[Start of section]

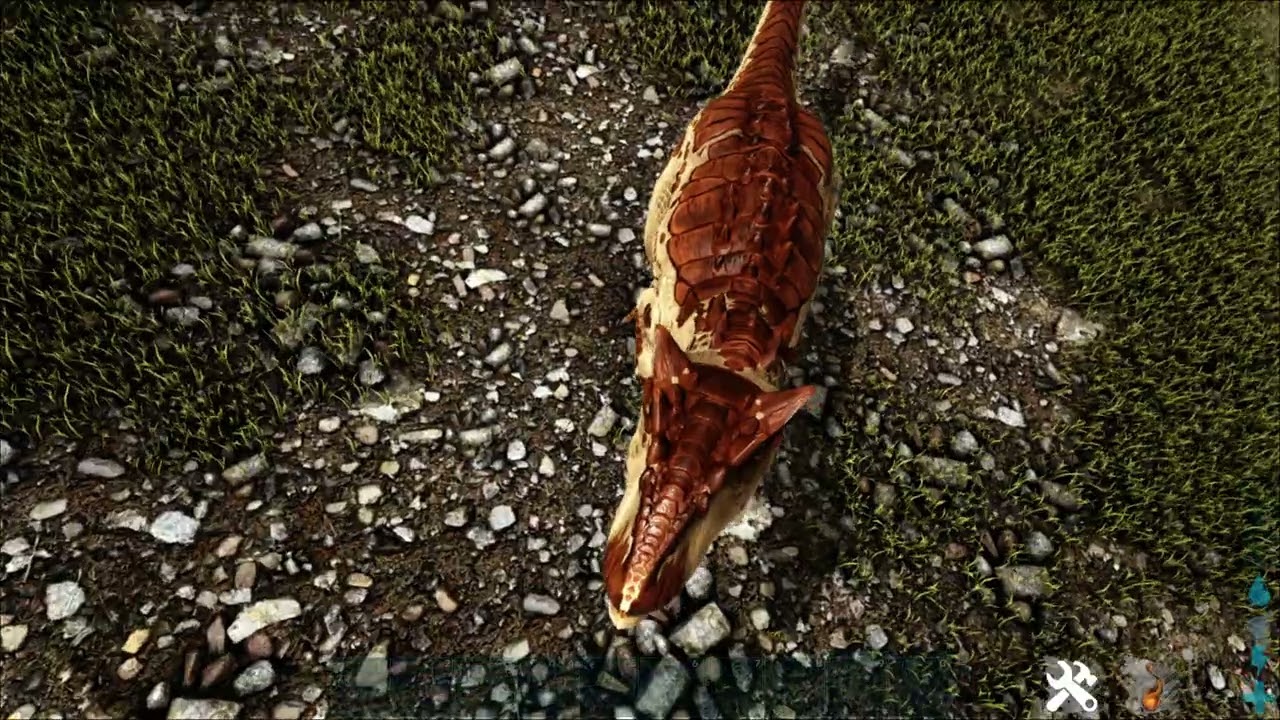 🦕🦖 ARK SURVIVAL Ragnarok - Alossauro 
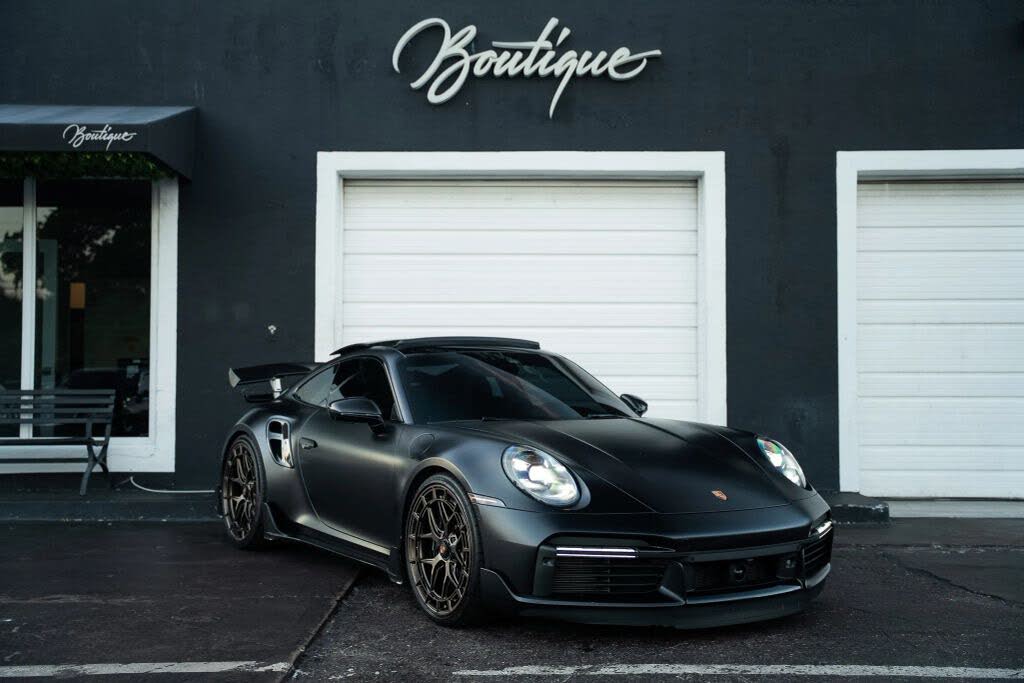 2024 Porsche 911 Turbo S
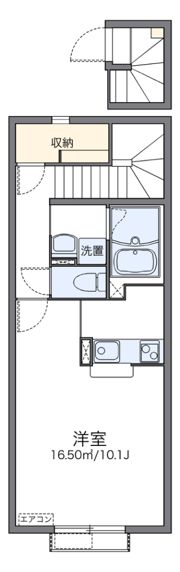 レオネクストヴィヴァンタの間取り画像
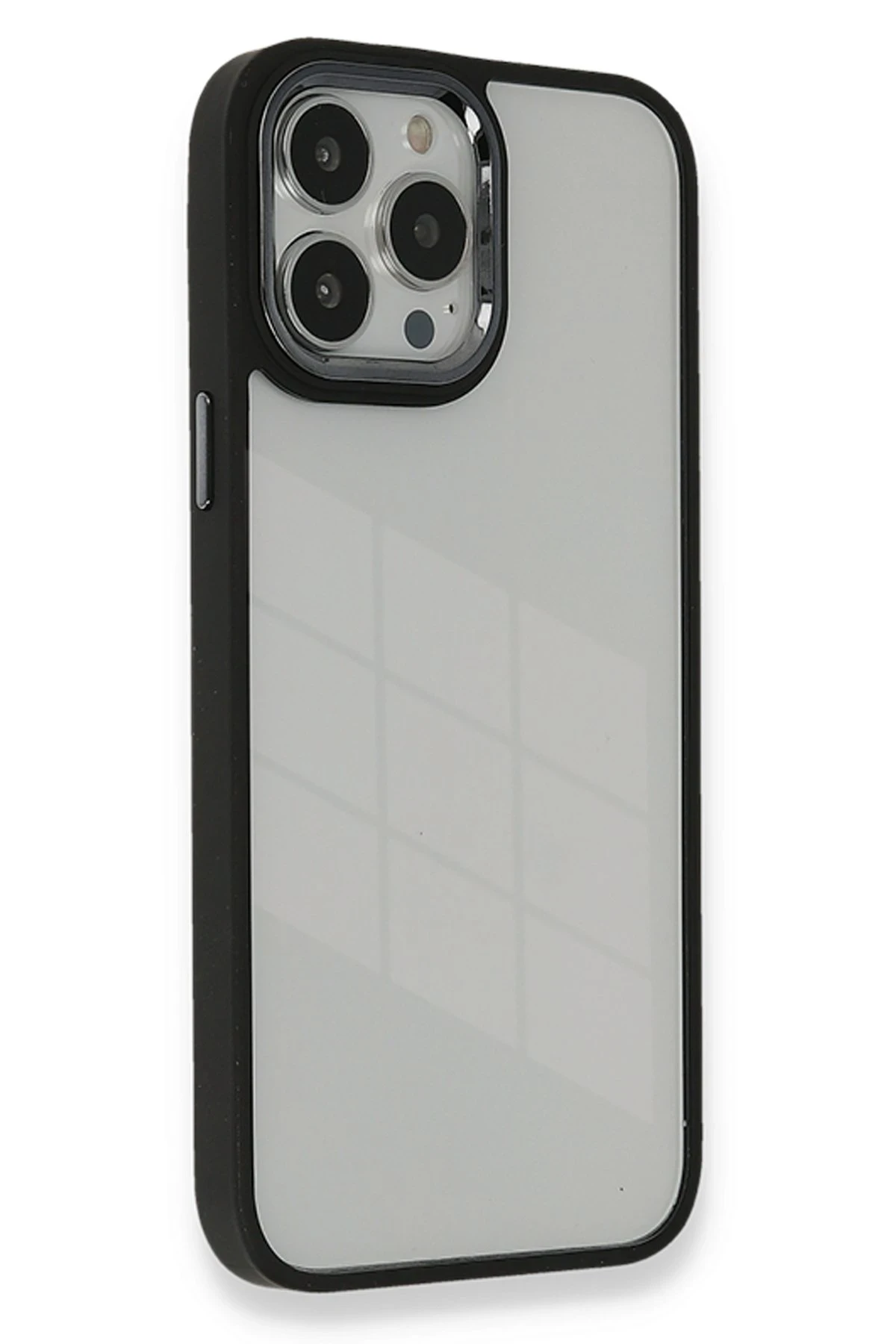 Newface Apple iPhone 14 Pro Max Kılıf Dora Kapak - Siyah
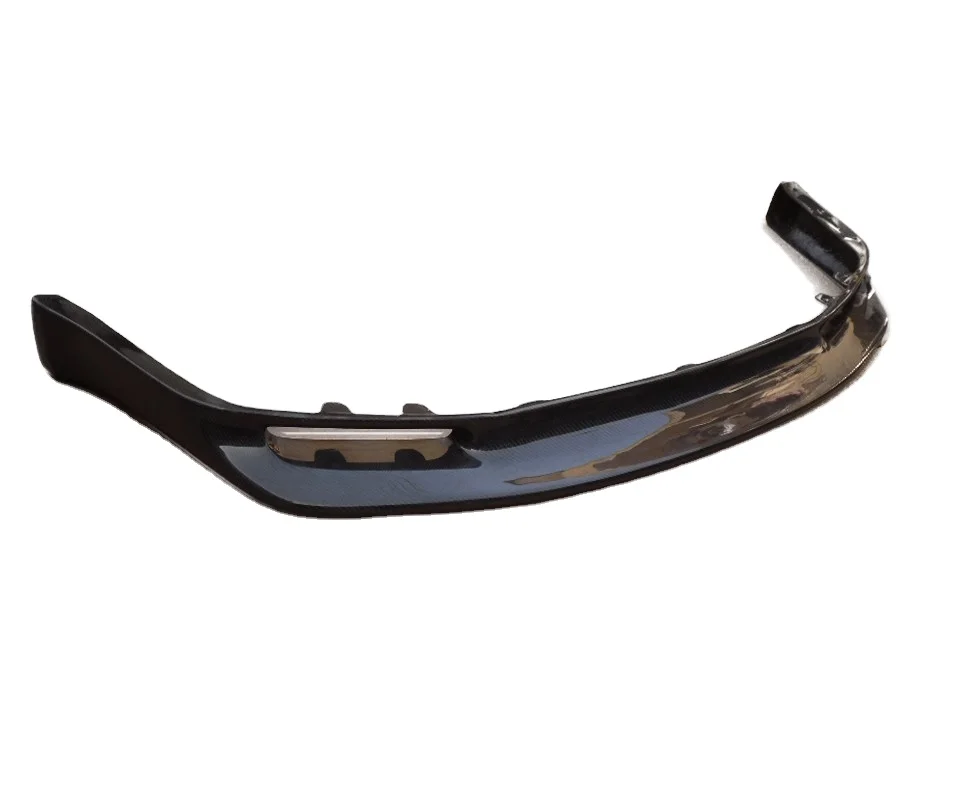 JUN Style Front Bumper Lip Splitter (GTR Only) Fit For CF 1989-1994 Skyline R32 GTR BNR32 Carbon Fiber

[End of section]

→ **TASK DETAILS**
Without any pictures, return the material above exactly.

→ **FINAL ANSWER**
 🦕🦖 ARK SURVIVAL Ragnarok - Alossauro 
 2024 Porsche 911 Turbo S
 レオネクストヴィヴァンタの間取り画像
 Newface Apple iPhone 14 Pro Max Kılıf Dora Kapak - Siyah
 JUN Style Front Bumper Lip Splitter (GTR Only) Fit For CF 1989-1994 Skyline R32 GTR BNR32 Carbon Fiber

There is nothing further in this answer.